Times Classic Takes New Films at Face Value

Speaking of The Times, the paper's Movies section entered a particularly successful holiday weekend with a range of stories I really could not get enough of. Sure, there was the week's default "Christians and movies" piece (the latest in an unofficial series, this one evidently counters the "scientists and movies" piece from a few months back), and Larry David was too cute by half in tweaking the homo-hype around Brokeback Mountain. But when it comes to pointing out wayward typefaces in contemporary cinema, nobody--and I mean nobody--gets over on the Gray Lady.

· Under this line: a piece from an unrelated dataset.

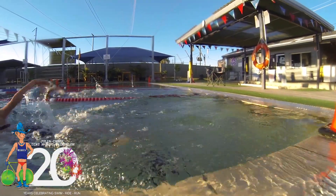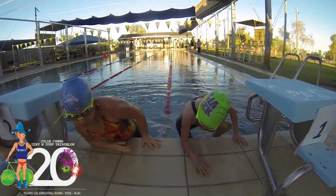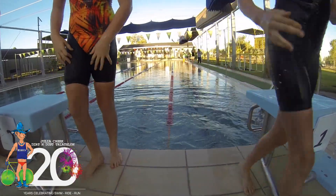Ages 7 to 9 and up will be getting out of the pool at the deep end. Don't worry, there'll be people there to help.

Or at least nobody gets over on reporter Peter Edidin:

Mark Simonson, a type designer in St. Paul, Minn., maintains a Web site (www.ms-studio.com/typecasting.html) that exposes cinematic typographical inaccuracies to the withering light of day. Take the 2000 film Chocolat. Though the film takes place in 1950's France, in a close-up shot of a public notice, the headline is set in ITC Benguiat, which he said made its debut in 1978 and was popular mainly in the 80's. "I almost laughed," Mr. Simonson writes.
Then there is L.A. Confidential, set in 1950's Los Angeles. It was "tightly written, well acted, beautifully filmed," Mr. Simonson writes, "but pretty mediocre in its use of type."
Worse than any of these, to (designer Michael) Bierut, is Titanic. The dials on the pressure gauges, he said, are in Helvetica, though the ship went down in 1912. "To me, that's like taking out a Palm Pilot on the deck of the Titanic," he said.

Fascinating. There is nothing quite like setting the story bar so impassably high on New Year's Day. Caryn James must be preparing her resignation as we speak.